Hoy en día, para invisibilizar la falta de paridad, se aduce el argumento de la meritocracia y la tecnocracia. Francamente, el mérito no ha sido nunca el rasero con el cual medimos y elegimos a nuestros gobernantes, y no tendría por qué serlo. El criterio mínimo de la representación es lo que caracteriza a las democracias modernas. La representación democrática, en teoría, se trata de elegir personas que entiendan las necesidades, los problemas de las poblaciones y los atiendan eficientemente, de acuerdo con una priorización y una perspectiva ideológica.
En Colombia, existe representación étnica y territorial, basada en la proporcionalidad de la población; entonces ¿por qué seguimos omitiendo la representación más obvia de todas, la sexual? Sí somos más de la mitad de la población, ¿por qué seguimos siendo tan pocas en la participación política? Sí, durante años, el género fue lo que nos mantuvo apartadas de la política ¿por qué no se entiende la necesidad de usarlo como un elemento de refuerzo positivo?

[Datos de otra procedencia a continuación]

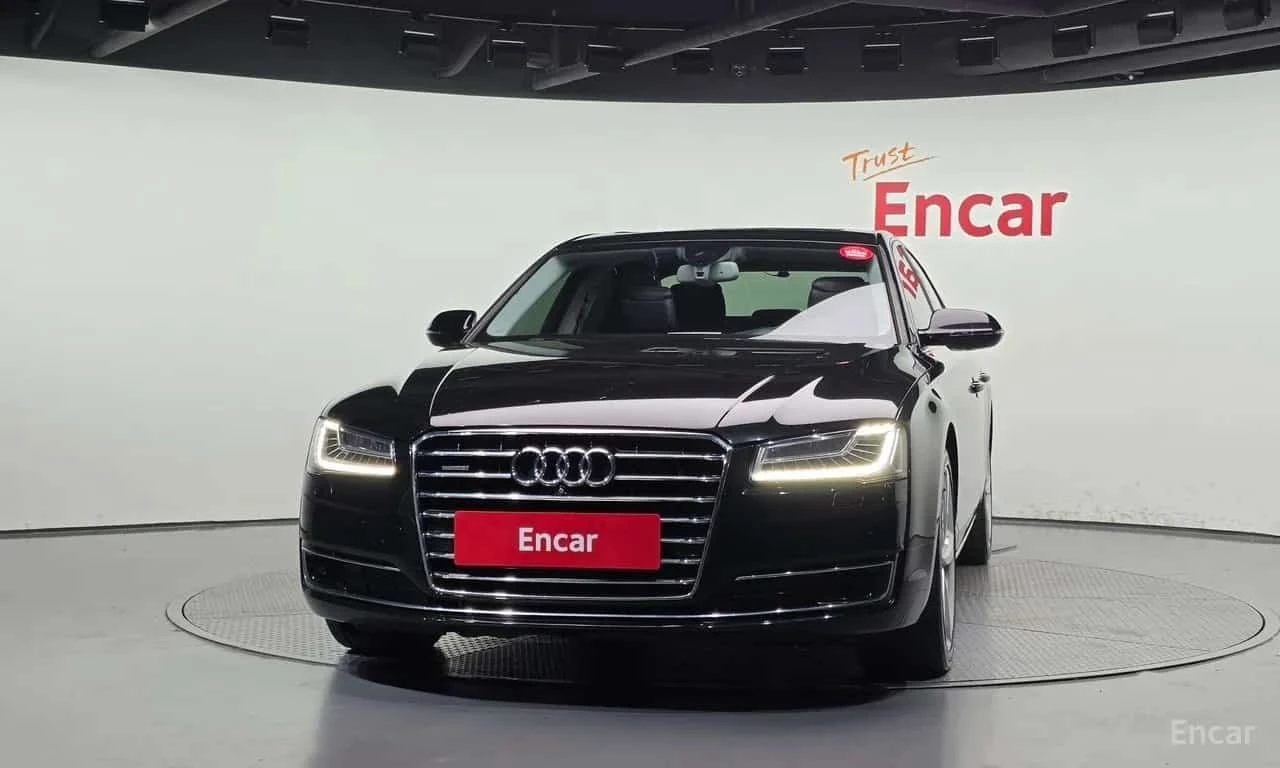 Audi A8 3.0TDI * FACE * HUD * 360 * ����� * ��� ��������� | Mobile.bg � ����������� 3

Ahora, la representación basada en este tipo de características sociales y demográficas establece tan solo un mínimo. Por supuesto que exigir la paridad no es un fin en sí mismo. Es, más bien, un medio para ampliar el espectro y posicionar otras agendas relevantes que, hasta el momento, han sido desatendidas o vagamente discutidas. Estas agendas involucran aspectos como la inequidad en la carga de trabajo no remunerado, la violencia sexual, las dificultades diferenciadas para acceder al empleo, a la tenencia de la tierra o, incluso, a los créditos bancarios.
Más mujeres en la política -diversas, lideresas, disruptivas- sí la pueden transformar. Más mujeres en política nos hablaría de una participación real y equitativa en las instituciones del Estado.